(Records from a data collection)
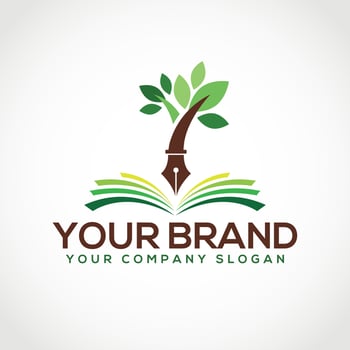 Open Book Logo Template. Book Simple Style Logo With Tree Pen. Book Illustration Vector. Open Book Logo Education With Pen. Green Leaf Book Logo. vector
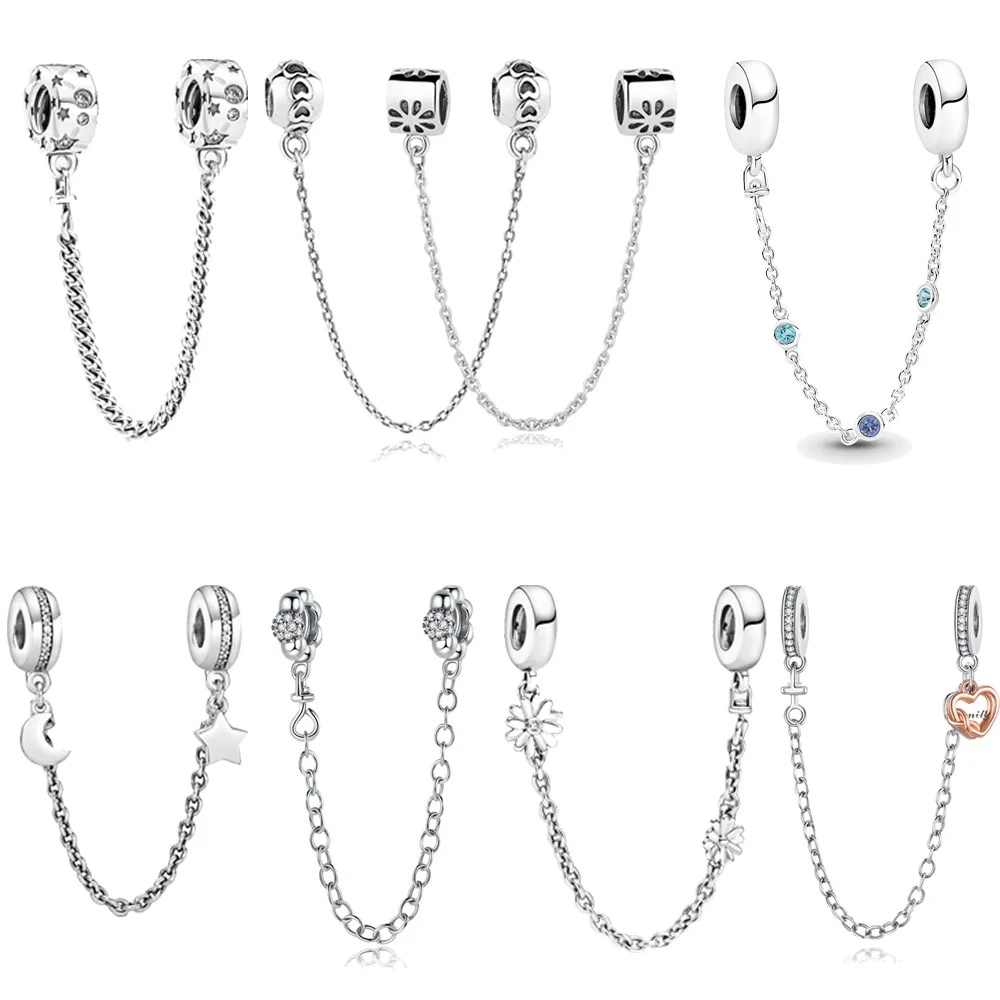 Silver-Plated Flower Safety Chain Charm, Fits European Bracelet, Bracelet Bead Stopper Accessory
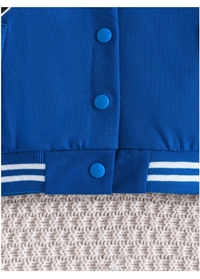  Spring And Autumn Baby Boys' Loose Baseball Jacket And Letter Printed Pants 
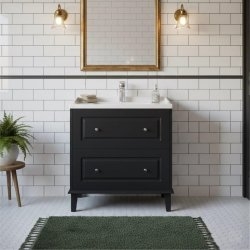 Meuble de salle de bain RETRO Noir mat 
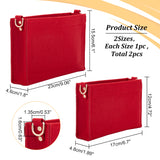 2Pcs 2 Style Wool Felt Bag Organizer Inserts, with Alloy D-rings and Iron Findings, for Envolope Bag Accessories, Rectangle, Red, 17~23x12~15.5x4.6~4.8cm, Hole: 16x13.5mm, 1pc/style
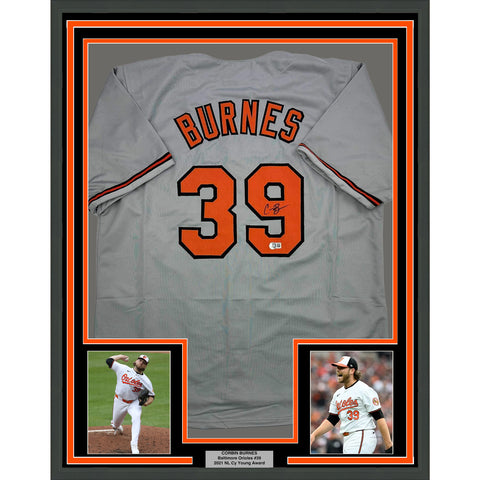 Framed Autographed/Signed Corbin Burnes 35x39 Baltimore Grey Jersey Beckett COA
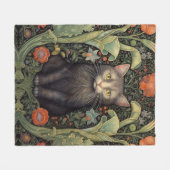 Jugendstil-Schwarzkatze und rote Blume Fleecedecke (Vorderseite (Horizontal))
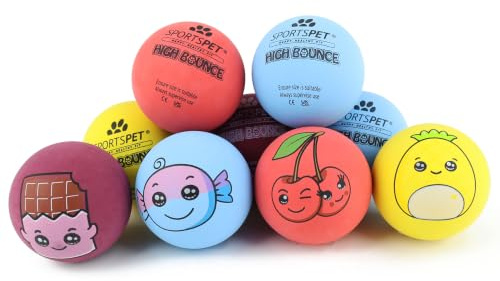 SPORTSPET High Bounce Scented Natural Rubber Dog Balls, PACK OF 10 (60mm) | Floating Throw and Fetch Toy for Dogs, Chew & Play Dog Toys, Safe Toy Balls for Dogs & Puppies, dog rubber balls, dog ball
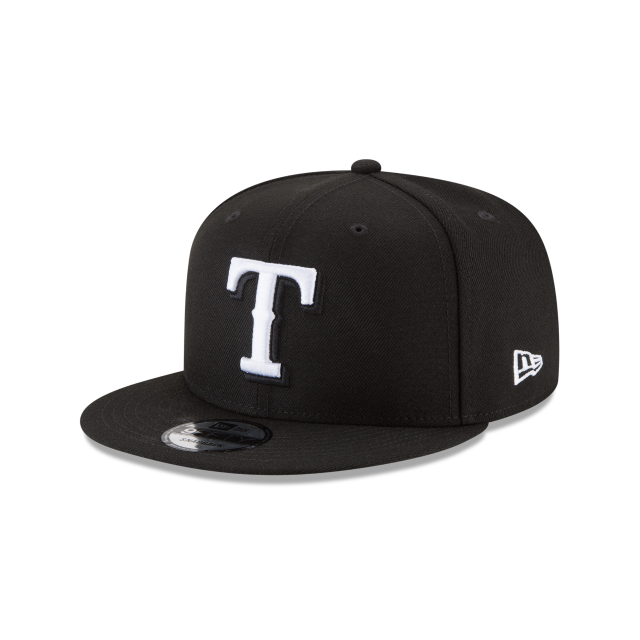 Texas Rangers MLB New Era Men Black White 9Fifty Basic Snapback product image 1, provided for visual reference and product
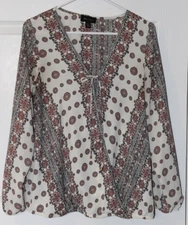 AB STUDIO WRAP TOP L CREAM,RED,GRAY ABSTRACT ￼LONG BALLOON ELASTIC SLV WOMENS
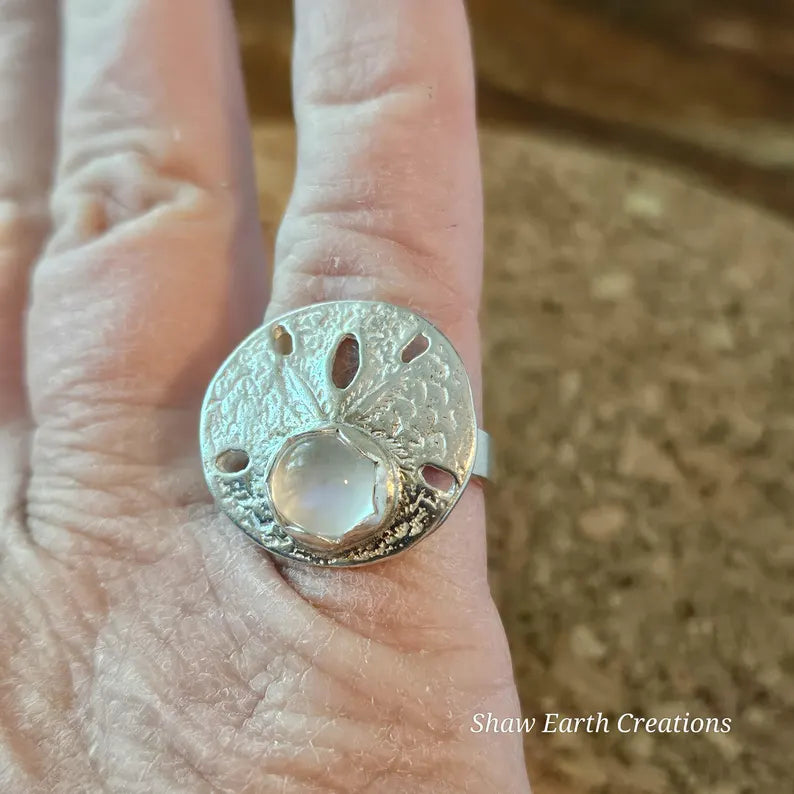 Moonstone Sand Dollar Ring Handcut Silvery White Gem in Sterling Silver Ocean Inspired Jewelry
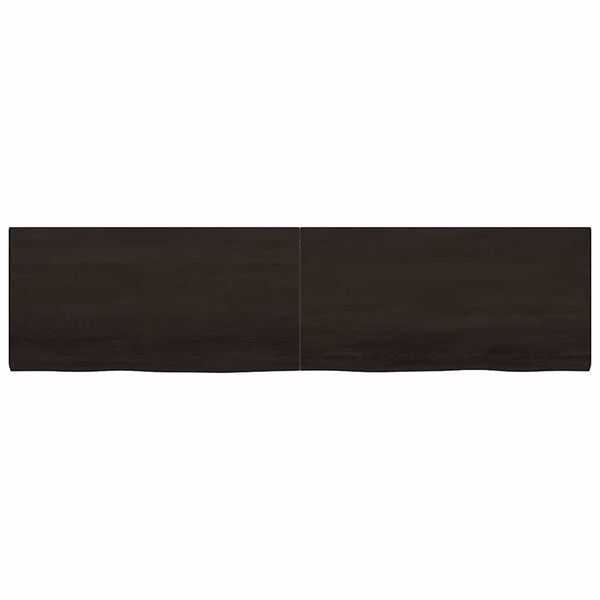 vidaXL Tablero mesa madera roble tratada marr&oacute;n oscuro 200x50x(2-4) cm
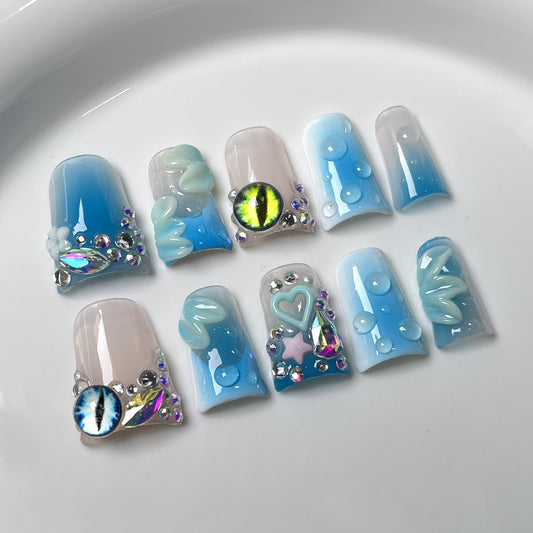 Unhas bico de pato Spice Girl gelo através de blush francês flash de unha tridimensional escultura personalizada unhas de pressão feitas à mão｜365nails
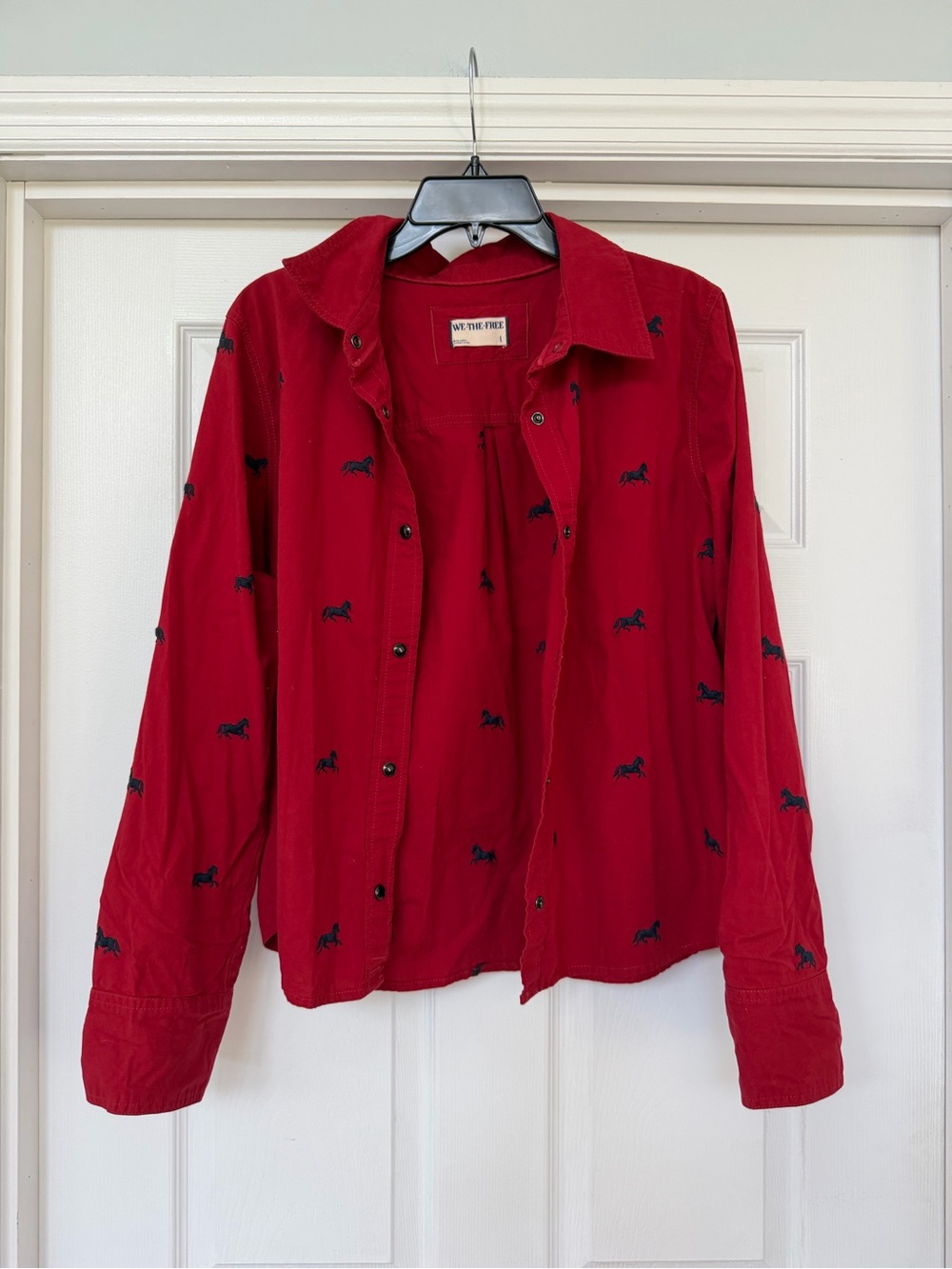 We The Free Red Button-Front Shirt with Navy Horse Embroidery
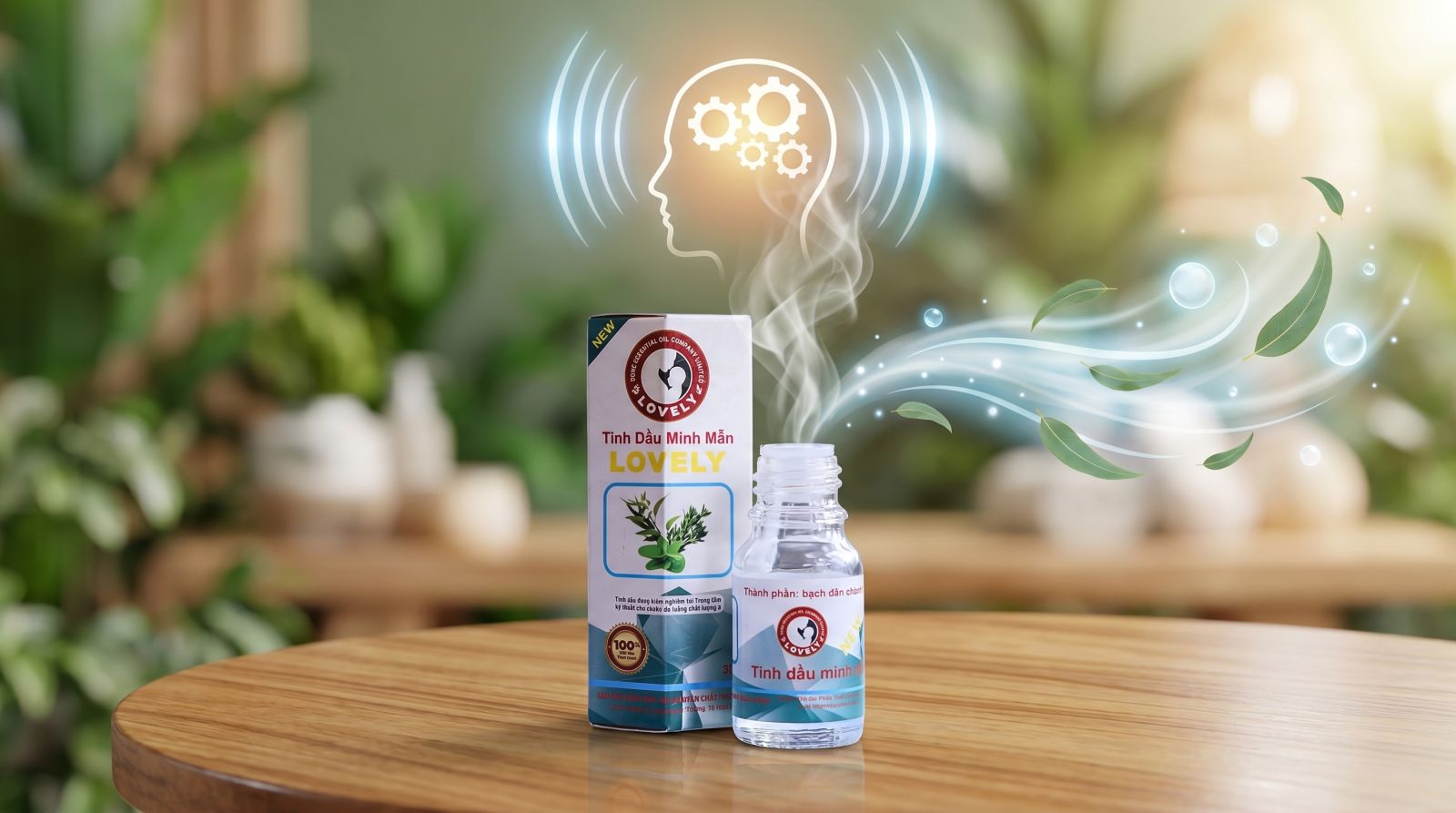 tinh dầu minh mẫn chiết xuất thảo mộc hữu cơ tự nhiên nguyên chất Lovely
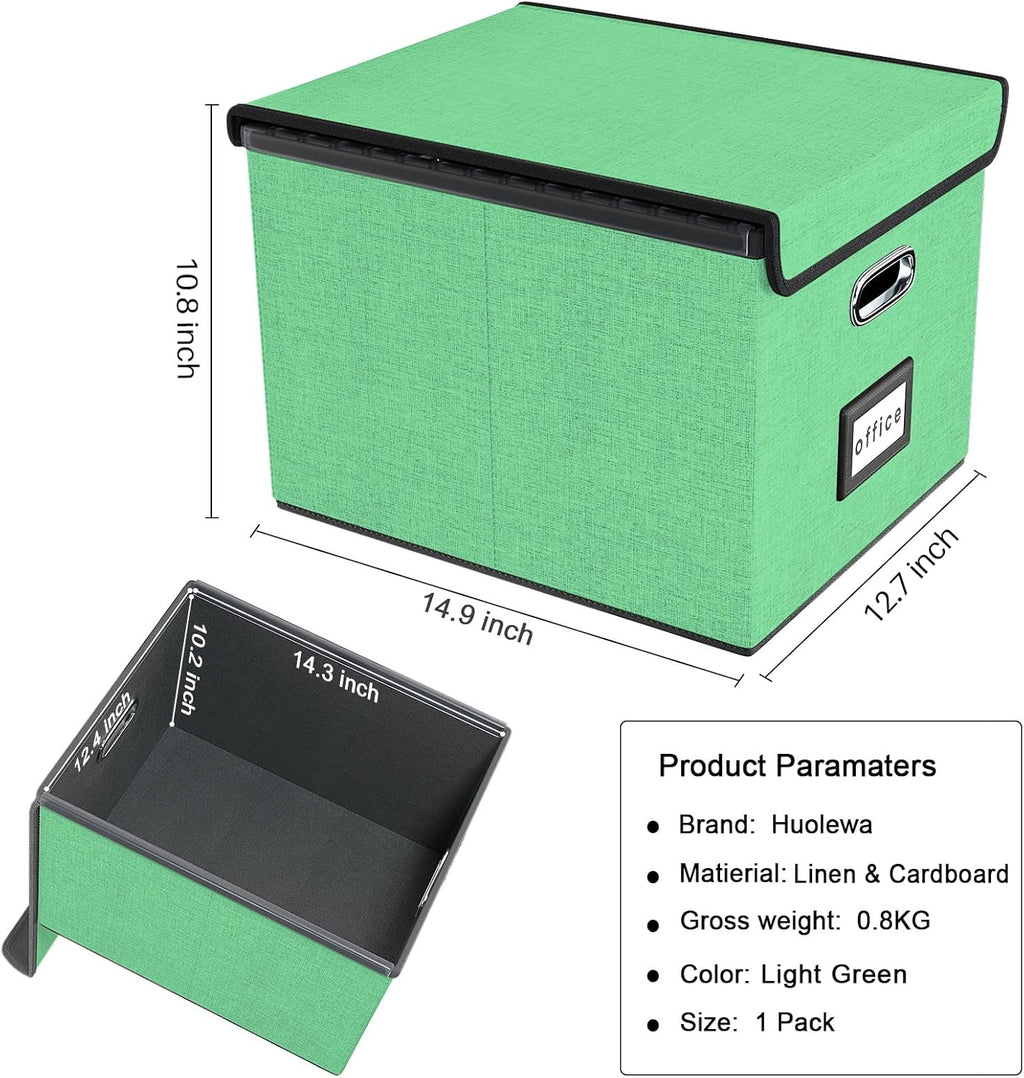 Huolewa Decorative File Organizer Box with Lid, Collapsible File Storage Organizer Boxes with Lids, Linen Hanging Filing&Storage Boxes for Office/Decor/Home, Filing System for File and Folders Storage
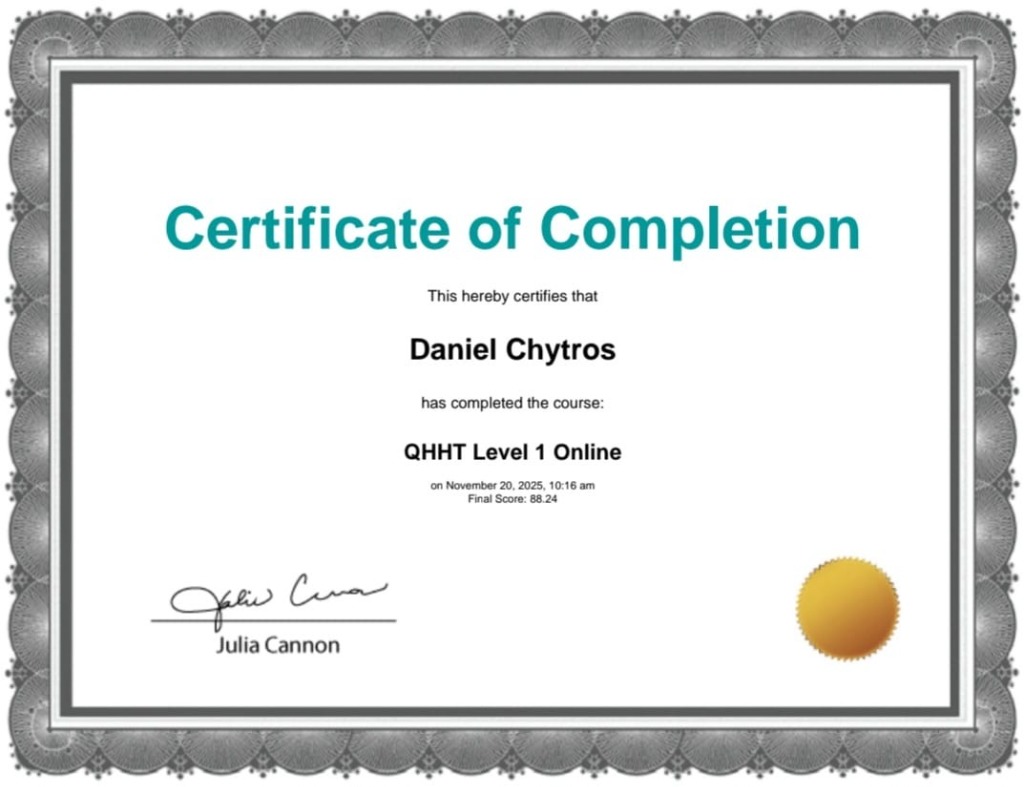Certyfikat QHHT Daniel Chytroś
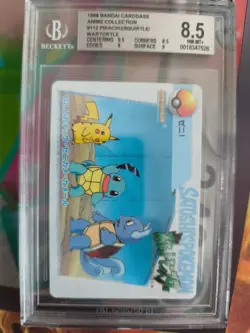 Pokemon Card Japanese Carddass Vending Anime BGS Beckett 8.5 Squirtle Wartortle - Image 2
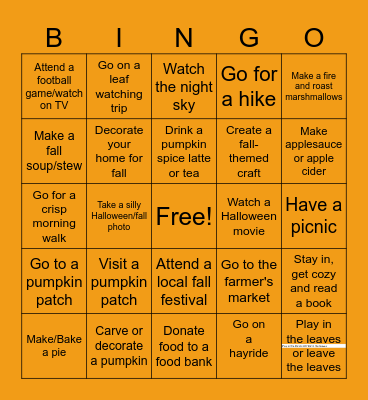 Fall Bingo Card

# Task statement:
Nothing but the lines from the start of the records above through the line with "Silver-Plated Flower Safety" should be retyped, each exactly as written; leave out all pictures.

# Answer box:
 Open Book Logo Template. Book Simple Style Logo With Tree Pen. Book Illustration Vector. Open Book Logo Education With Pen. Green Leaf Book Logo. vector
 Silver-Plated Flower Safety Chain Charm, Fits European Bracelet, Bracelet Bead Stopper Accessory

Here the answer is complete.